What inspired the development of this technology?

It all started about 10 years ago, during the launch of the UK’s National Quantum Technology Programme. There was a push to develop devices called atomic magnetometers - small, ultra-sensitive sensors capable of detecting magnetic fields more accurately than anything we’d seen before.

A US company called QuSpin built the first commercially available OPM. We were fortunate enough to get one of the very first units and used it to measure magnetic signals from the human brain. At that time, we could only scan a tiny region of the brain.

Over time, we scaled up, from a 13-sensor setup to eventually building a 50-channel wearable system, and now a full 384-channel head scanner. 

It’s been a decade-long journey from early simulations to a functioning, commercialised brain scanner.

What’s next? Where do you see this technology going in the future?

The next big step is clinical application, starting with epilepsy.
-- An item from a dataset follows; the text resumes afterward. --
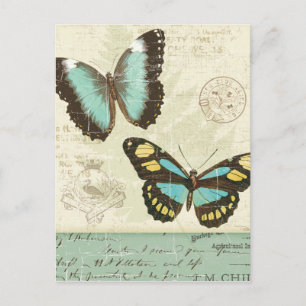 Postal Parche de mariposa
Around a third of epilepsy patients have seizures that aren’t well controlled with medication. Some of them are candidates for surgery, but the challenge is pinpointing exactly where in the brain the seizures start.

This technology can do that with high precision, but we need medical device approval before it can be widely used, whether that's through the FDA, UK MHRA, or EU regulatory routes. Once that happens, it unlocks real-world clinical use.

From there, the potential expands to conditions like dementia, Parkinson’s, and, in the future, even harder-to-diagnose conditions like schizophrenia and depression. Those are much more complex, but we’re beginning to identify biomarkers that could help.

In short, we’re just scratching the surface. This technology opens the door to personalised treatments, better tracking of brain health, and possibly even early interventions, long before symptoms emerge.

Any final thoughts for people interested in brain science or working on similar innovations?

Keep going. The brain is still one of the biggest scientific mysteries we face - especially as the global population ages. Disorders like dementia will only become more common, and we desperately need more tools to understand, diagnose, and treat these conditions.

This technology is just one piece of the puzzle, but it’s an exciting one, and there’s still so much more to discover.